When he did get a moment’s peace,
the first thing he did was kneel down and pray, and whether he was praying for
it to happen, or whether the Lord spoke to him while he prayed and said to do
it,
“He turned to the body and said, ‘Tabitha, get
up.’ Then she opened her eyes, and seeing Peter, she sat up. He gave her his hand and helped her
up. Then calling the saints and widows, he showed her to be alive.” [Acts
9:40-41]
Again, if this were in a movie, I could see the
swarm of widows engulf her again and all of them move away in a big clump, like
the family in My Big Fat Greek Wedding
that shows up and leaves like a weather front.

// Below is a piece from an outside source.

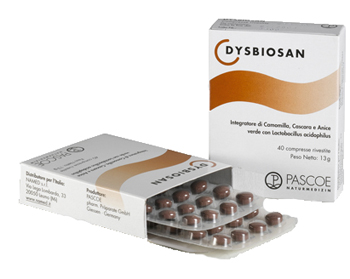 DYSBIOSAN 40 COMPRESSE PASCOE - maxifarmacia.it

That may be the point of it, too.
The Church is, at its heart, a strange and funny family and within it
there may be someone who has a role that is not necessarily visible from the
outside but which holds them together in a vital way.
That
can go wrong, mind you, in ways that are more or less serious. Let me give a bad example first. I knew a church where the United Methodist
Women produced a lot of wonderful pickles and jellies and canned fruits and
baked goods and salads for the church bazaar every year. It was a big deal, with dozens and dozens of
pre-orders and a display that took up about a quarter of the outside wall of
their Fellowship Hall. It was organized
by one woman every year, who had been doing it since John Wesley was a child. The way she did it was by keeping all the
recipes in a big, black binder, each page laminated against spills. She would hand out assignments a month or so
before the bazaar, and give each cook a copy of the page that was needed for a
particular dish. She gave out that page
and only that page and collected the copies at the bazaar. The time came, however, when she began to
show signs of dementia. There was some
quiet discussion on the side and when the bazaar’s organizational meeting was
held, everyone in the room was prepared for trouble because the chairwoman at
one point looked at her and asked her to share the whole binder so they could
make a backup copy. Before the evening
was over, someone had pried the book from her hands and the promise was given
to her that it would be kept in the church’s safe when it was not in use. Later it was discovered that there were some
recipes with secret ingredients that she had left off the master copy.
Folks,
it is not a good thing to mess with the process in order to make yourself
important. You are already
important. It is not always the
prominent person whose ministry has the greatest effect. In that city of Joppa in the very earliest
days of the Church, you would think it would have been one of the great
evangelists whose work would have been key to the sharing of the gospel, or
maybe someone in the group who had spent time learning of the Kingdom of God
from Jesus himself when he had been in the neighborhood, who could have
repeated his words and described what it was like to be near him. But, no.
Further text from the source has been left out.